[Saved data entries]

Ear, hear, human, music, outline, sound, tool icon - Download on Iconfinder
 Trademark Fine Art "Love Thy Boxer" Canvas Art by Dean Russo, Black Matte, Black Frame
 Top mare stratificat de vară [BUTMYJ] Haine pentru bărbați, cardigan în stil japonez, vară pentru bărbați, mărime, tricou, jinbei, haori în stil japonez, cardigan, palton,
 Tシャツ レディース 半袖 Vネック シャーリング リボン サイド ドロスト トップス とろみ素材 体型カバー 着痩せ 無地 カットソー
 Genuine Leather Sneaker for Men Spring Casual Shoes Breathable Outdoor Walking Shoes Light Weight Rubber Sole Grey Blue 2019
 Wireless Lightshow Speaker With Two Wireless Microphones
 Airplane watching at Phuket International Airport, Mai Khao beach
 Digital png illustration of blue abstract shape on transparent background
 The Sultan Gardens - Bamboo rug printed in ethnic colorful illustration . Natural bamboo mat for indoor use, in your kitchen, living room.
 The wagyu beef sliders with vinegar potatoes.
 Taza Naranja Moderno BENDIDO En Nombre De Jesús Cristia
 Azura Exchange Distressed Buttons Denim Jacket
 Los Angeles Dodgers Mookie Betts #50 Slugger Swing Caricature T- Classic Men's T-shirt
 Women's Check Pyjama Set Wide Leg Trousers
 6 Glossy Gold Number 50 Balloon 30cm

* HOW TO COMPLETE THIS TASK
Each entry above is to be copied out exactly.

* TASK SOLUTION
Ear, hear, human, music, outline, sound, tool icon - Download on Iconfinder
 Trademark Fine Art "Love Thy Boxer" Canvas Art by Dean Russo, Black Matte, Black Frame
 Top mare stratificat de vară [BUTMYJ] Haine pentru bărbați, cardigan în stil japonez, vară pentru bărbați, mărime, tricou, jinbei, haori în stil japonez, cardigan, palton,
 Tシャツ レディース 半袖 Vネック シャーリング リボン サイド ドロスト トップス とろみ素材 体型カバー 着痩せ 無地 カットソー
 Genuine Leather Sneaker for Men Spring Casual Shoes Breathable Outdoor Walking Shoes Light Weight Rubber Sole Grey Blue 2019
 Wireless Lightshow Speaker With Two Wireless Microphones
 Airplane watching at Phuket International Airport, Mai Khao beach
 Digital png illustration of blue abstract shape on transparent background
 The Sultan Gardens - Bamboo rug printed in ethnic colorful illustration . Natural bamboo mat for indoor use, in your kitchen, living room.
 The wagyu beef sliders with vinegar potatoes.
 Taza Naranja Moderno BENDIDO En Nombre De Jesús Cristia
 Azura Exchange Distressed Buttons Denim Jacket
 Los Angeles Dodgers Mookie Betts #50 Slugger Swing Caricature T- Classic Men's T-shirt
 Women's Check Pyjama Set Wide Leg Trousers
 6 Glossy Gold Number 50 Balloon 30cm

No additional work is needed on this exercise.